CityGen: Structure-Guided City-Style Synthesis for Cross-City Autonomous Driving
Researchers introduce CityGen, a diffusion-based framework that enables autonomous driving systems to generalize across different cities without labeled training data. The approach uses HD-map guidance and visual prompts to synthesize city-specific driving scenarios, addressing a critical scalability challenge in deploying autonomous vehicles to new geographic regions.
Autonomous driving deployment faces a fundamental challenge: models trained in one city often fail dramatically when deployed elsewhere due to differences in road layouts, visual appearance, and traffic patterns. This domain shift represents a significant barrier to scaling autonomous vehicle technology globally. CityGen addresses this by proposing a zero-label adaptation framework that doesn't require expensive annotation or city-specific training data, making it more practical for real-world deployment scenarios.
The technical approach leverages generative AI and HD-map conditioning to synthesize realistic driving scenarios tailored to new cities. By using city-level visual prompts rather than individual image labels, the method reduces annotation overhead while maintaining effectiveness across perception, segmentation, and planning tasks. This represents an evolution in how the autonomous driving community thinks about domain adaptation—moving from reactive fine-tuning to proactive synthetic data generation.
For the autonomous driving industry, this work has substantial implications. Current deployment costs are partially driven by the need to collect and annotate large datasets in each target city. A scalable, label-efficient adaptation method could significantly reduce time-to-deployment and operational expenses for autonomous vehicle manufacturers and operators. The introduction of CityTransfer-Bench also provides the community with a standardized evaluation framework for measuring cross-city generalization, which currently lacks standardized benchmarks.

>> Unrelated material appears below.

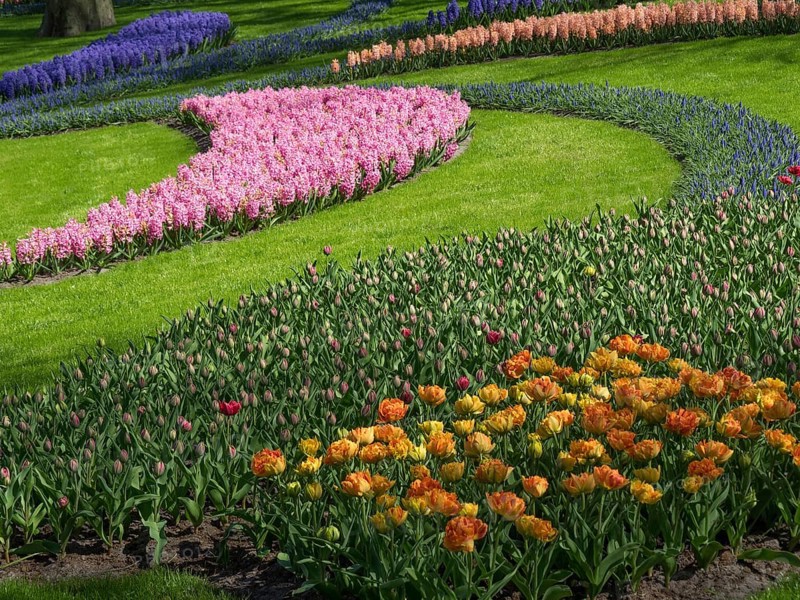 A magnificent flower garden with colourful tulips and hyacinths in curved patterns on a green lawn, many colourful, blooming tulips in springtime in the Netherlands, amsterdam, netherlands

The research establishes foundations for geographically agnostic autonomous systems, potentially accelerating global expansion of autonomous vehicle services. Future work will likely focus on testing this approach in increasingly diverse environments and integrating it into production deployment pipelines.
- →CityGen enables autonomous driving systems to adapt to new cities without labeled target data, reducing deployment costs.
- →The framework uses diffusion-based synthesis guided by HD-maps and city-level visual prompts for zero-label adaptation.
- →CityTransfer-Bench provides the first standardized benchmark for evaluating cross-city generalization in autonomous driving.
- →The approach consistently improves robustness across perception, segmentation, and planning tasks across different cities.
- →Label-efficient adaptation could substantially accelerate global deployment of autonomous vehicle technology.